From the line that contains "一番くじ ドラゴンボール E賞 DRAGON ARCHIVES セミコンプリート" down to the last line of the entries, repeat every line exactly. Do not carry over the pictures.

______

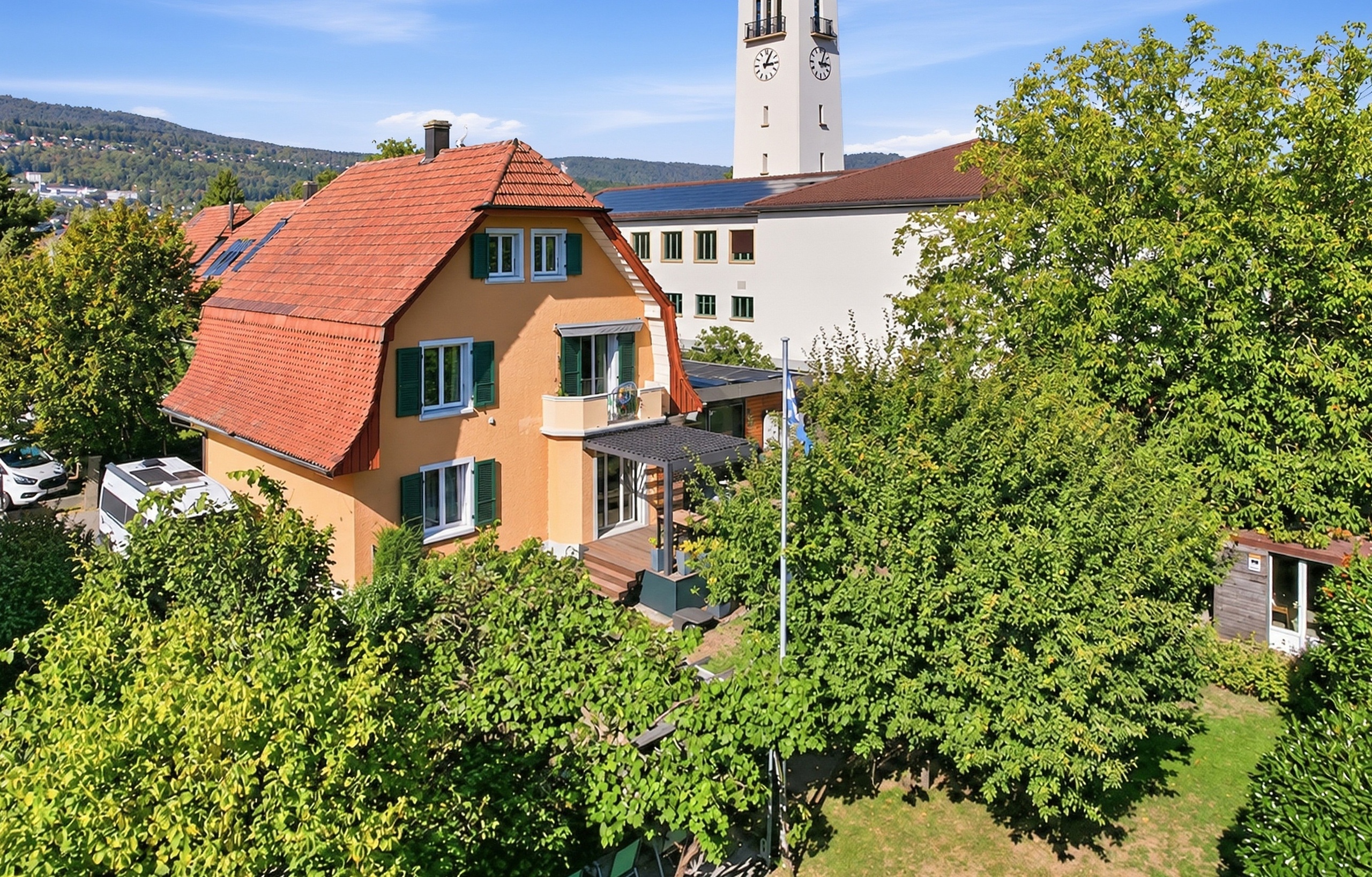 Aussenansicht 6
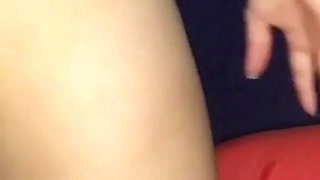 Fucking with My Stepfather, I Like to Fuck - 18yo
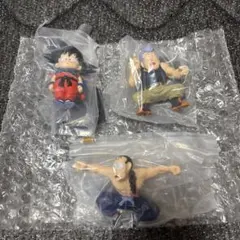 一番くじ ドラゴンボール E賞 DRAGON ARCHIVES セミコンプリート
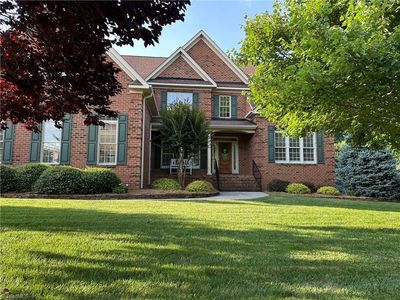 705 Scaup Dr, Greensboro, NC, 27455
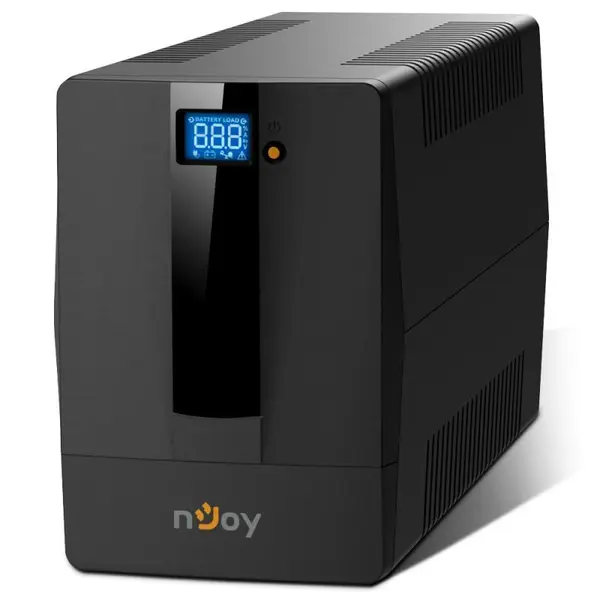 UPS Horus P 1500 Display LCD NJOY PWUP-LI150H1-AZ01B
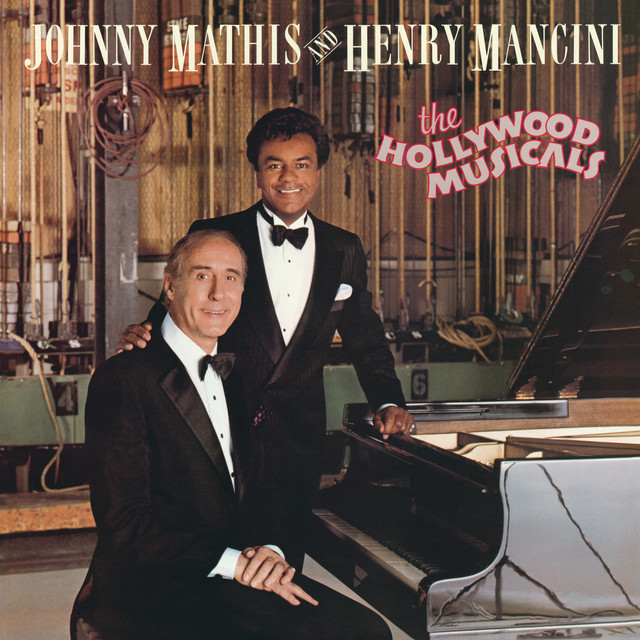 Accords et paroles True Love Johnny Mathis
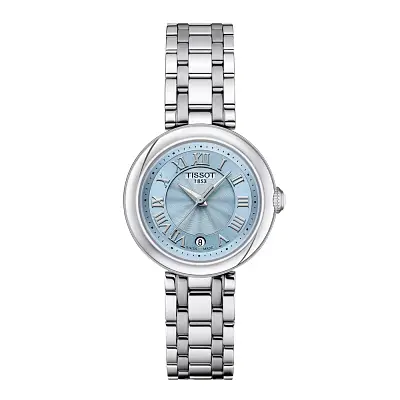 Tissot Bellissima T126.010.11.133.00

______

_EXERCISE SOLUTION:_
 一番くじ ドラゴンボール E賞 DRAGON ARCHIVES セミコンプリート
 705 Scaup Dr, Greensboro, NC, 27455
 UPS Horus P 1500 Display LCD NJOY PWUP-LI150H1-AZ01B
 Accords et paroles True Love Johnny Mathis
 Tissot Bellissima T126.010.11.133.00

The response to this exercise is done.